Alfredo Pérez Rubalcaba, el ungüento amarillo con el que José Luis Rodríguez Zapatero, pobrecito, pretende aliviar nuestros alifafes colectivos, acaba de anunciar que, de aquí a las próximas legislativas, el Gobierno llevará al Congreso 26 reformas legislativas. No 25 ni 27. Entre ellas luce por su propia oscuridad, y divulgan con especial énfasis los terminales propagandísticos que, incluidos los medios públicos de comunicación, nos cuestan un pico, un proyecto para regular la «muerte digna», un tímido nombre para la eutanasia de la que el socialismo instalado en La Moncloa viene hablando desde su advenimiento al poder. ¿Tan difíciles e inabordables son nuestros vigentes problemas económicos y sociales que al Gobierno le parece prioritario hablar de la muerte mejor que de la vida? Este Rubalcaba es mágico, insuperable y, felizmente, irrepetible. Mira que te vas a morir, nos dice con aire cartujo, así que no sufras con el paro y la pobreza: el Gobierno, siempre atento al bienestar ciudadano, se preocupa de que tu muerte esté rodeada del máximo confort y de todas las garantías.

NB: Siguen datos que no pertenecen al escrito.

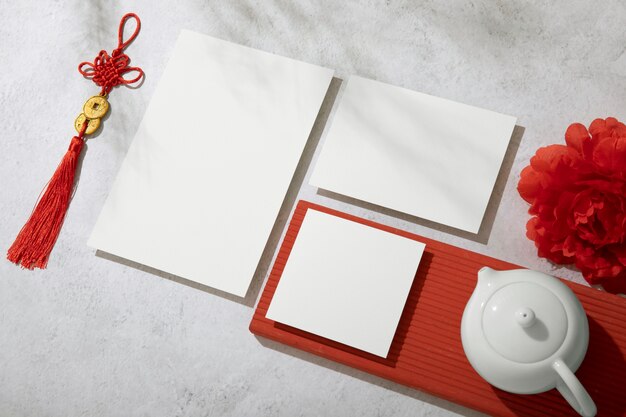 Japanese new year invitation mockup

Lo demoledor para un observador neutral, sin pasiones militantes, es comprobar que esas supercherías funcionan y que ya estamos en el debate sobre la «muerte digna» en el que lo primero que debe rechazarse es la terminología. La muerte digna es la de las personas que han vivido rectamente, según sus valores éticos. El sufrimiento no le quita dignidad a esa persona ni en los estertores agónicos ni en un cólico nefrítico. Lo que propone —o propondrá— el Gobierno es morir un rato antes para evitar una última fatiga. Ello se comenta por sí solo en función del valor que cada cual le dé a la vida; pero es, una vez más, distraernos de lo que, aquí y ahora, nos angustia mayoritariamente y para lo que Zapatero y Rubalcaba, dos por el precio de uno, no encuentran solución.

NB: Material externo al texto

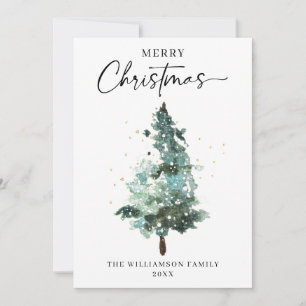 Watercolour Christmas Tree With Gold Sparkles Holiday Card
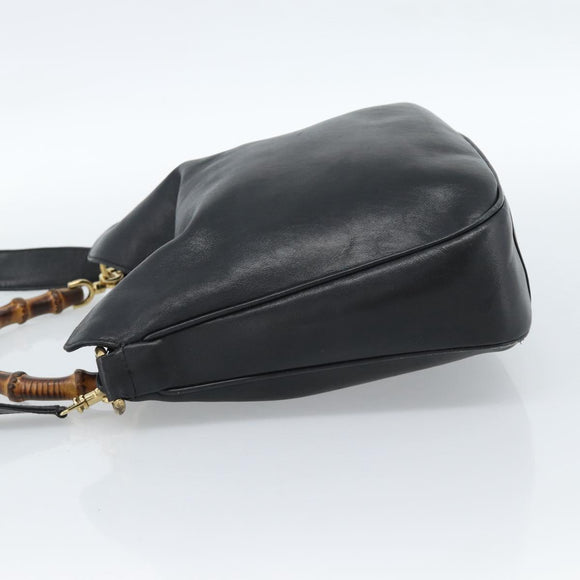 GUCCI Bamboe Schoudertas Leer 2-weg Zwart Goud 001 1998 1638 Auth 184979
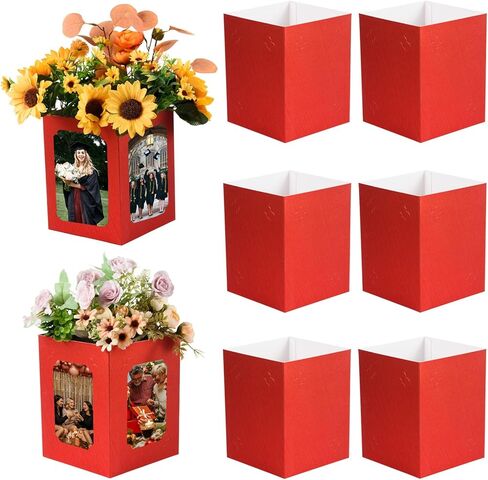FOBSME 6 PCS Graduation Picture Box Centerpieces for Table 6/7 Inch Red Photo Frame Display Picture Table Props Boxes for Congrats Grad Party Favors, Wedding, Birthday Table Decoration in Saudi Arabia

Lo trascendente no es que un político de oportunidad y regateo, como el supervicepresidente, consiga con esas artimañas el efecto que pretende. Ello habla, más que de su talento, de la escasez en la exigencia, la pobreza en el análisis y la devoción irracional por una sigla de quienes les votamos. Vivimos un tiempo en el que, por buscar un ejemplo barato, un político tan cortito como José Montilla puede ser votado en función de la estimulación erótica que produce en sus seguidoras un sobre con una papeleta que lleva su nombre. Con otro nombre impreso, ¿alcanzaría los mismos efectos? En esto, en debates extemporáneos, campañas sin ideas ni programas y menosprecio a la ciudadanía es en lo que ha quedado el socialismo español.